▶ ASSIGNMENT
In your answer, set down the records below exactly as they stand, omitting pictures.

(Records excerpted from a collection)
**********

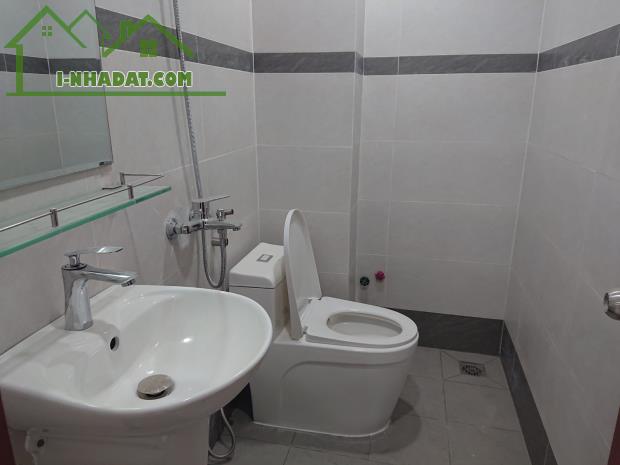 NGUYỄN HỒNG ĐÀO, TÂN BÌNH, HẺM AN NINH GẦN MT, DT:53M2 [ 5,7 ❌ 11 ] 3 TẦNG, NHỈNH 7 TỶ - 5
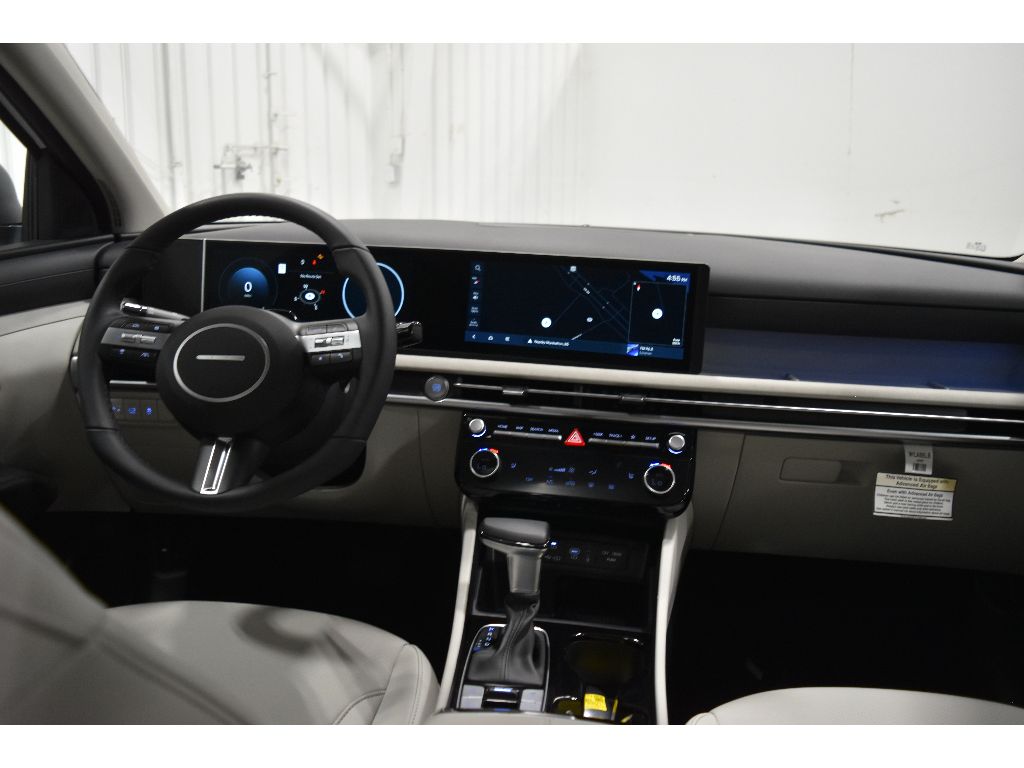 2025 Hyundai Tucson SEL Convenience photo 27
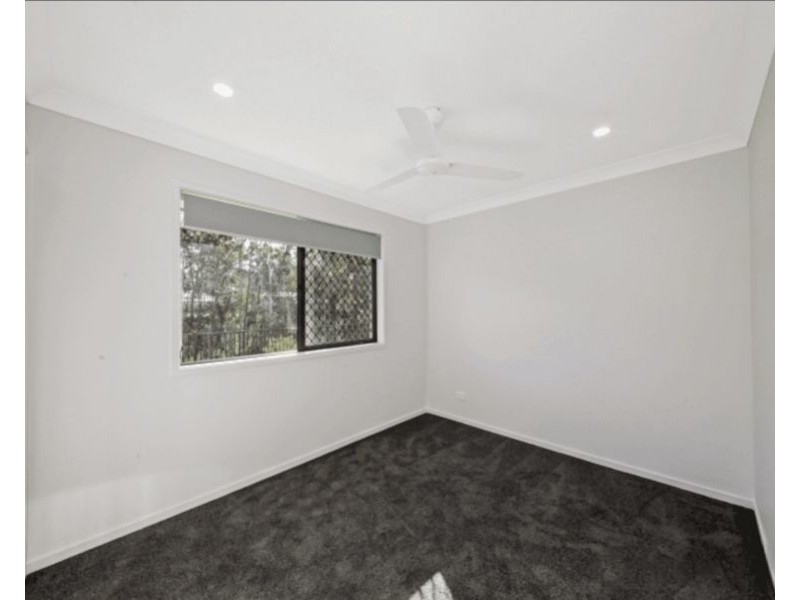 73 Pepper Tree Dr, Holmview QLD 4207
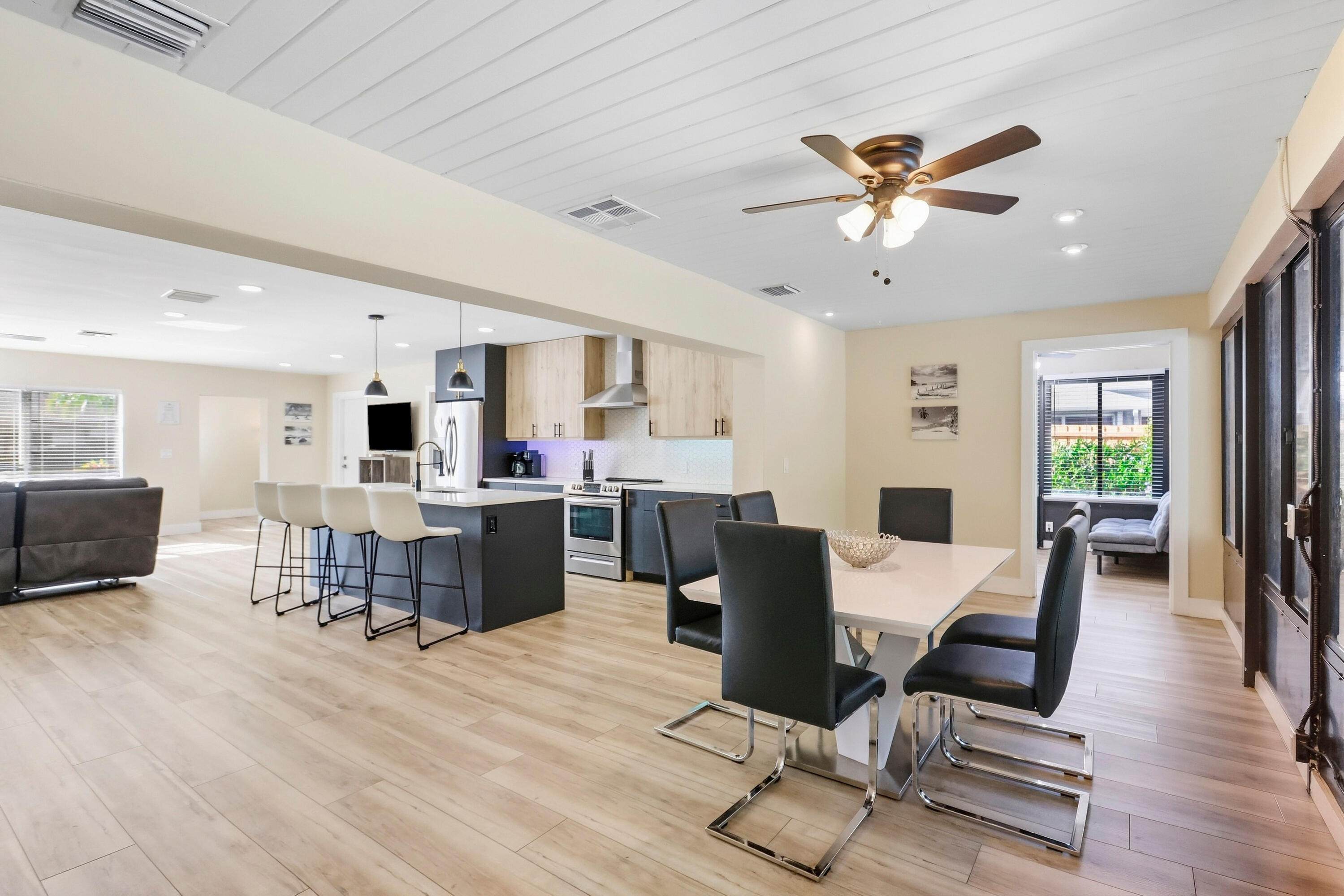 6880 Kingston Drive Property Photo 10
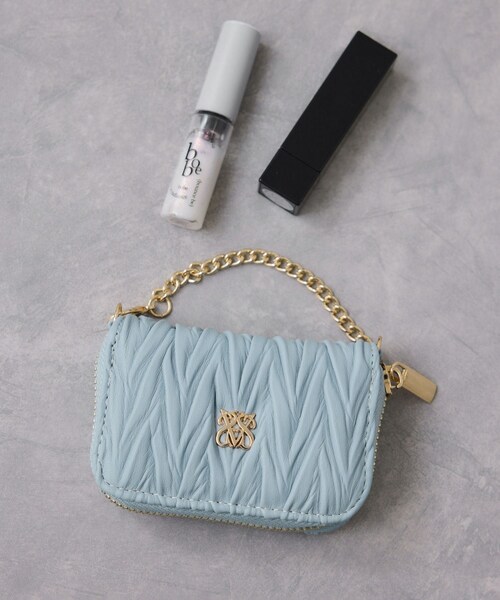 VIS（ビス）の「プリーツ加工ポーチチャーム（チャーム・レディース・ブラック/キナリ/サックス・F）」の10枚目の写真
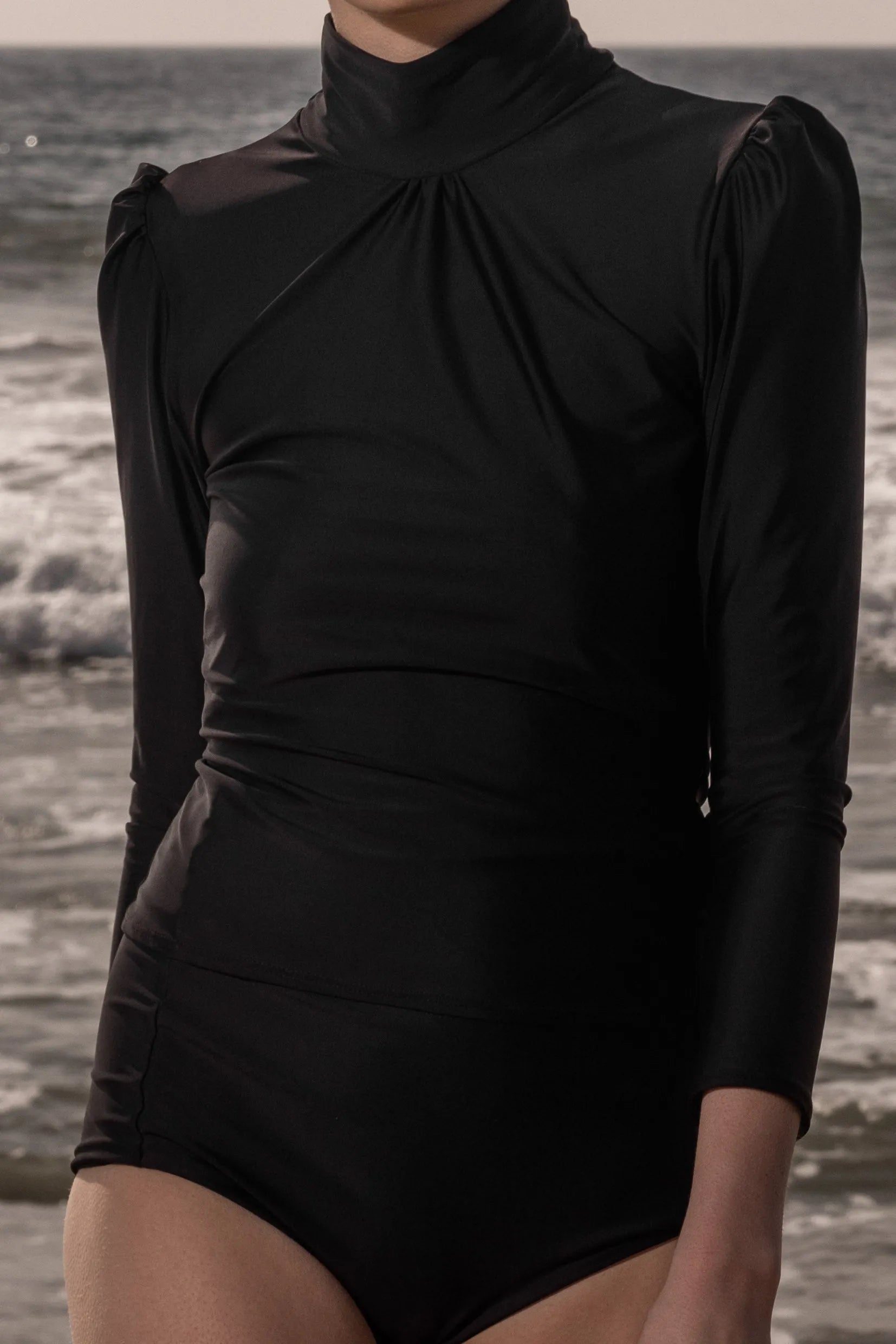 Izzy Rashguard - Black - Heidi Merrick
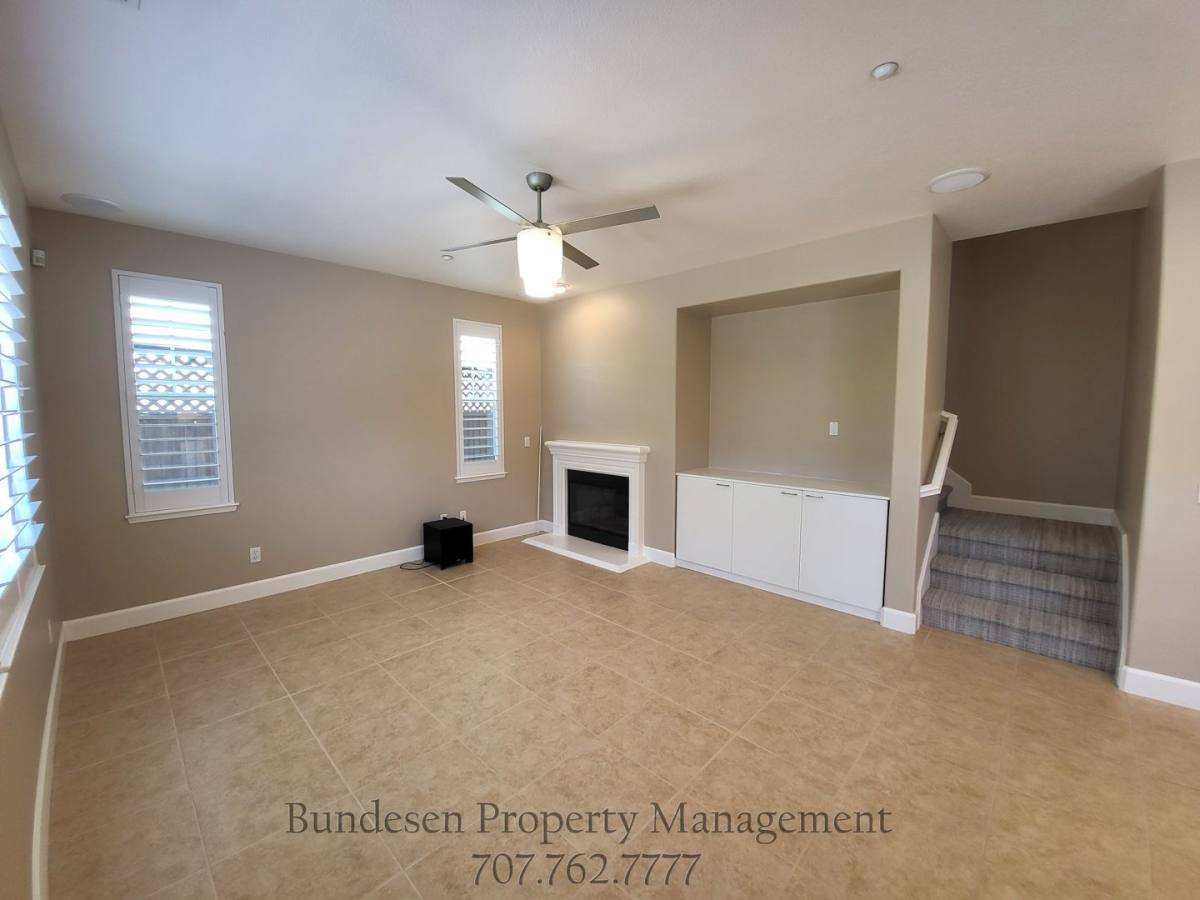 House for rent at 1727 Southgate Dr, Petaluma, CA 94954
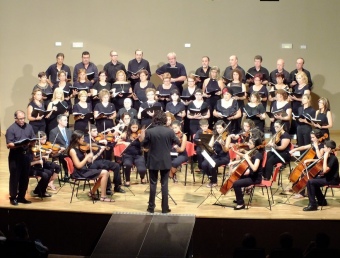 Actuació de la Coral Santa Anna d'Albal i l'orquestra de l'escola del mateix nom. CEDIDA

**********

▶ RESPONSE FOR THIS EXERCISE
 NGUYỄN HỒNG ĐÀO, TÂN BÌNH, HẺM AN NINH GẦN MT, DT:53M2 [ 5,7 ❌ 11 ] 3 TẦNG, NHỈNH 7 TỶ - 5
 2025 Hyundai Tucson SEL Convenience photo 27
 73 Pepper Tree Dr, Holmview QLD 4207
 6880 Kingston Drive Property Photo 10
 VIS（ビス）の「プリーツ加工ポーチチャーム（チャーム・レディース・ブラック/キナリ/サックス・F）」の10枚目の写真
 Izzy Rashguard - Black - Heidi Merrick
 House for rent at 1727 Southgate Dr, Petaluma, CA 94954
 Actuació de la Coral Santa Anna d'Albal i l'orquestra de l'escola del mateix nom. CEDIDA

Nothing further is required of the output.